First, the three kinds identified by the National Academy: On page 15 of Science, Evolution, and Creationism, the authors line out how scientists can be scientific materialists, deists, or theists. This statement has been a game changer for me and for many of the teachers I have spoken to. In it, the National Academy has clearly kept the door to practicing science open to religious people like me. They refused to exclude us, and I'm grateful for their courage and clarity. Their statement has been a key platform in my talks on teaching evolution. If religious scientists aren't excluded from practicing science, then religious students shouldn't be excluded from learning about evolution. We must stop telling students, "Check your faith at the door. This is a science class."

What I'm seeing now, though, is that there are actually two other kinds at the fringes of the National Academies three. These other two kinds break long-standing scientific traditions about methodological naturalism, which is probably why the National Academy didn't consider them. One fringe group stands at the edges of theistic scientists; the other lurks at the edge of scientific materialists.

The first fringe category is pretty clear, and it's the Creationists and Intelligent Design advocates. They argue that science should consider supernatural as well as natural causes. As I heard Michael Behe explain last night, scientists should follow the evidence wherever it leads. If it leads to an intelligent designer, as Behe believes, then that's good scientific thinking. He just crossed the line of methodological naturalism, however, and that opens the door to the chaos of scientists having to figure out which supernatural explanations from all the religions in the world get considered.

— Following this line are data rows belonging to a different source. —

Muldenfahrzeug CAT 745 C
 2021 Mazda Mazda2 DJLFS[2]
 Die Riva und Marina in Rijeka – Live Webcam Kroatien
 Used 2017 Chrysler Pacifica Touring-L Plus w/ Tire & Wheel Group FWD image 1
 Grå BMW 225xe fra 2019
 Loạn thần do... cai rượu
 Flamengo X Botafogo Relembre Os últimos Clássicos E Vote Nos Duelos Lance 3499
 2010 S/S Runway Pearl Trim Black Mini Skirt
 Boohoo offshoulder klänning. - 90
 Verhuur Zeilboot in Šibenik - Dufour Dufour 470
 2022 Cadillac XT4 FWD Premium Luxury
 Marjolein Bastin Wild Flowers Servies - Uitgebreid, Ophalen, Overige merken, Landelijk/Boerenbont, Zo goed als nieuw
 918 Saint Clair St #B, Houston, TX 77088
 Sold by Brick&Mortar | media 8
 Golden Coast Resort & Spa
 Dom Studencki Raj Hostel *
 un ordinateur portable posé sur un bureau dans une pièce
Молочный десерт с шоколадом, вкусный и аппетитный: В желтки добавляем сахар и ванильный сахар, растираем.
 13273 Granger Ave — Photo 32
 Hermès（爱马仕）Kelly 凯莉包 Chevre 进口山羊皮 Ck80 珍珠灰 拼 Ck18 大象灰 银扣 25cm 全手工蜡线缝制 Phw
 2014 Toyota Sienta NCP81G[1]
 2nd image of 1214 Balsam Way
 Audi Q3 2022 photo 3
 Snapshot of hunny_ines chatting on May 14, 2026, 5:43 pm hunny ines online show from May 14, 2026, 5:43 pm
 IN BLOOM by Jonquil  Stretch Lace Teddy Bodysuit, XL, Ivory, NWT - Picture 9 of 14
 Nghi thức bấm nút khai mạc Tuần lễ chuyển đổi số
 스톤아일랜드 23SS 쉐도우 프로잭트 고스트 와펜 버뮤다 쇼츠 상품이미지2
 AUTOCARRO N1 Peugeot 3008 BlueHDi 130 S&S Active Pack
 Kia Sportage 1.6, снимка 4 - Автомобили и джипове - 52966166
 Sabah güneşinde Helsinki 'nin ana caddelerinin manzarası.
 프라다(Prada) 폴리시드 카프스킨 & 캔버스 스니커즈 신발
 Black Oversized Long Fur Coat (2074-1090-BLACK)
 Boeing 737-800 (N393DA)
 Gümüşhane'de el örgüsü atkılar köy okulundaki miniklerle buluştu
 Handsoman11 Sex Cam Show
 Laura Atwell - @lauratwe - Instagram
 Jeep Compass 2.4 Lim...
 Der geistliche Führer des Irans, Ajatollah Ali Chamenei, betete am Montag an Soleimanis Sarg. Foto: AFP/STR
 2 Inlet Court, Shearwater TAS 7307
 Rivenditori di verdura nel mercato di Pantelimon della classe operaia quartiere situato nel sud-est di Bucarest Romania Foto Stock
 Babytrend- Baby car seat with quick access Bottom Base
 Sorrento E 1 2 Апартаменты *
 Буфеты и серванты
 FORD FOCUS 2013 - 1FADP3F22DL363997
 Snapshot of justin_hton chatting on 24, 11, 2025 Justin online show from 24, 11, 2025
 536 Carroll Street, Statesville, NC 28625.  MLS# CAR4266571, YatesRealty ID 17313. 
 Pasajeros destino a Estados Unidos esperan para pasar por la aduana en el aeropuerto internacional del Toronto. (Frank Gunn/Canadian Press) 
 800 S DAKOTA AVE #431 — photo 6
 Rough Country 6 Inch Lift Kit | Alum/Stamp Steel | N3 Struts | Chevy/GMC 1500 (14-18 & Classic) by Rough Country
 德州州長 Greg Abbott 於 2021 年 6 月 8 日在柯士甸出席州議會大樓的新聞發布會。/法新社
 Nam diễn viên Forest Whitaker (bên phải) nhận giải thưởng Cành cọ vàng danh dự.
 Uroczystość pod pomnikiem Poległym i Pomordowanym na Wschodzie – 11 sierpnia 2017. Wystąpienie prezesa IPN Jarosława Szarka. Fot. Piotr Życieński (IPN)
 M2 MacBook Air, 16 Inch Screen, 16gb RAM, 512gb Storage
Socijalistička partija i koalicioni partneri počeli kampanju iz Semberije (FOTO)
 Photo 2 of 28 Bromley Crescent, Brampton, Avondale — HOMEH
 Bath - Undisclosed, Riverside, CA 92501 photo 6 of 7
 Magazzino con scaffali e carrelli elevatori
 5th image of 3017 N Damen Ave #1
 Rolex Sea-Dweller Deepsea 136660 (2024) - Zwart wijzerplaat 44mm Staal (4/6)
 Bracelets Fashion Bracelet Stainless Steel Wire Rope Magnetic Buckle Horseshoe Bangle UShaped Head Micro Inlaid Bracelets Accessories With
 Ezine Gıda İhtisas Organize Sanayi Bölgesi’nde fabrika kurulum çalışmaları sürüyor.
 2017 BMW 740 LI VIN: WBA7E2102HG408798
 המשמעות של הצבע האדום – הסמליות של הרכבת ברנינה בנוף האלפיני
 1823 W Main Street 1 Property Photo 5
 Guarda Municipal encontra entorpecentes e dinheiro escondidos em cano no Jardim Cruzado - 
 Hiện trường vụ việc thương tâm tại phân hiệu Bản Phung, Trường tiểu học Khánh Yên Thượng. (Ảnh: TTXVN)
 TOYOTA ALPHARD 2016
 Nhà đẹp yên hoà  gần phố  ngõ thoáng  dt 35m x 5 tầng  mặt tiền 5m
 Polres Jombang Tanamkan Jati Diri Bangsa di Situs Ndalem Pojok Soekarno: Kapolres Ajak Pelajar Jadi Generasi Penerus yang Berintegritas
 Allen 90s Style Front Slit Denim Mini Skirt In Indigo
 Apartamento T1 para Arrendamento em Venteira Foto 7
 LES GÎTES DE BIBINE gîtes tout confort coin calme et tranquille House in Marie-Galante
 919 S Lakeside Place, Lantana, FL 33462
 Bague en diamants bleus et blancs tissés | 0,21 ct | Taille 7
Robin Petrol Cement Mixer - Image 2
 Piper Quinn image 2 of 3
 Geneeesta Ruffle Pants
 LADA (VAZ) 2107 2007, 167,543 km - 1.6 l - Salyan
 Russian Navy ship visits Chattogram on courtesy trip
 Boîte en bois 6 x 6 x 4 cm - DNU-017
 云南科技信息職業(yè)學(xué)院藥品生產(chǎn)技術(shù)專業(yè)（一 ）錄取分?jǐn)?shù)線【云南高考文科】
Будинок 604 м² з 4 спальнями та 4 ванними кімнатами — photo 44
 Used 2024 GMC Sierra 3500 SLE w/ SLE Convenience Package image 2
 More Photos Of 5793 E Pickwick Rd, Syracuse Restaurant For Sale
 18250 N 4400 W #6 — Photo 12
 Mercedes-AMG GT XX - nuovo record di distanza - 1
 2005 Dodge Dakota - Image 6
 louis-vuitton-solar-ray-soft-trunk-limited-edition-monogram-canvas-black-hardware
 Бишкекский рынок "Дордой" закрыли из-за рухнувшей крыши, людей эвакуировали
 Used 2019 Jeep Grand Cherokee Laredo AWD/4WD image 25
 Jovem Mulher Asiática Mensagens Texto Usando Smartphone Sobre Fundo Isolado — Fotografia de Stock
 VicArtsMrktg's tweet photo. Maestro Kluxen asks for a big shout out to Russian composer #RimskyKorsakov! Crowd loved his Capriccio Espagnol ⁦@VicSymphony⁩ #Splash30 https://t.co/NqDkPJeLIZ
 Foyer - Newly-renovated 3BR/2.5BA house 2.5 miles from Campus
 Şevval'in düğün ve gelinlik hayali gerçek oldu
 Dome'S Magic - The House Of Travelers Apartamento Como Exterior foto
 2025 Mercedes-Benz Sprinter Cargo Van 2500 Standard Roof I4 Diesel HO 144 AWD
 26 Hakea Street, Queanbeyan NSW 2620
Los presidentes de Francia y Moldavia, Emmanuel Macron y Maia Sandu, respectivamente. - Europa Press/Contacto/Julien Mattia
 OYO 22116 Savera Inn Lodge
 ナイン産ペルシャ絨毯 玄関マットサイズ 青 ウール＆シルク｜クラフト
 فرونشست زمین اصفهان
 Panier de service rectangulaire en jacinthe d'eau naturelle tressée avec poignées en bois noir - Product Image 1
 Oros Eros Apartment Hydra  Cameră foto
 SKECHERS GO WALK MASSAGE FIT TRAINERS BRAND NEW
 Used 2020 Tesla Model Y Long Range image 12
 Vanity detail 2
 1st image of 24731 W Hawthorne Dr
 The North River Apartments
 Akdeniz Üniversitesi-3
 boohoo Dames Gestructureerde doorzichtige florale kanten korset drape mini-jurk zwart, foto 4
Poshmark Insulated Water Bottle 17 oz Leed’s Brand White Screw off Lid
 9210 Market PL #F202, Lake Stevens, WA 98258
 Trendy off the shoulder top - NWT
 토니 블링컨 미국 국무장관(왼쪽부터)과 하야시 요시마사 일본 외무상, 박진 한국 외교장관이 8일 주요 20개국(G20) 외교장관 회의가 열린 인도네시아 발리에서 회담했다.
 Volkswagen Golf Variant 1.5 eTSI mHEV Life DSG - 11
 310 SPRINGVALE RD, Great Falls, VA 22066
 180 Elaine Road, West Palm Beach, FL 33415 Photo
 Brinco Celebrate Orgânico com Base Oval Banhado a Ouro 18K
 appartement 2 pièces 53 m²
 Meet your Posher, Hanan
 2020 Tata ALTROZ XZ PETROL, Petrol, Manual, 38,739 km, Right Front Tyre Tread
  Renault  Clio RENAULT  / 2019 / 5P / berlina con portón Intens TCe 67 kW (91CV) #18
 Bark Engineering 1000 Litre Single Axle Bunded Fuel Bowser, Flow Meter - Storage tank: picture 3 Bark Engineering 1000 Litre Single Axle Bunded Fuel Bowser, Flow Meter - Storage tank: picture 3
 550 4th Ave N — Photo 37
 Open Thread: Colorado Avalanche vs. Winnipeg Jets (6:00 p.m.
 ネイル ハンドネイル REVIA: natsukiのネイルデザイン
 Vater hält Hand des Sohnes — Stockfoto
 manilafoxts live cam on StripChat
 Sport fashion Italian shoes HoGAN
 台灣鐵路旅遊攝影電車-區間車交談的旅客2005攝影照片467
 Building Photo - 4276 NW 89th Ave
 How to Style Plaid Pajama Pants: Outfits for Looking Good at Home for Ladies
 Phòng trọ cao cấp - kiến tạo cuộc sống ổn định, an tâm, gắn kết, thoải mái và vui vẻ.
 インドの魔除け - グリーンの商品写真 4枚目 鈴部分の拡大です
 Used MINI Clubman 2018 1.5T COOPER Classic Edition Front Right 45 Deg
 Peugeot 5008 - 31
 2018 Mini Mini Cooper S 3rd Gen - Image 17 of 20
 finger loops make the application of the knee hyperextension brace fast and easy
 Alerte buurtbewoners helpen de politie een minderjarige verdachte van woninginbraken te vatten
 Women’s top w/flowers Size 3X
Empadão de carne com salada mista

The second fringe category is more subtle, and as a religious person, it's the one that concerns me more. It's closely aligned with the New Atheists, and it basically says that religious people themselves, not religious explanations, should be excluded from practicing science. Here, think about Dawkin's God Delusion and how delusional people don't make good scientists. The problem with these fringe scientists is that they are breaking long standing scientific traditions about philosophical naturalism. Science has never excluded people who believe in the supernatural, but in its modern formulation it has always said that scientists must stick to natural explanations in their work and publications. These fringe scientists make scientific materialism not just one of three possible views, as the National Academy has said. Instead, they make it a requirement for all scientists, excluding me and every other religious person from doing science. They have just opened the door to the chaos of elite science where only a few enlightened individuals can understand science, and the implications of that stance are hugely sinister.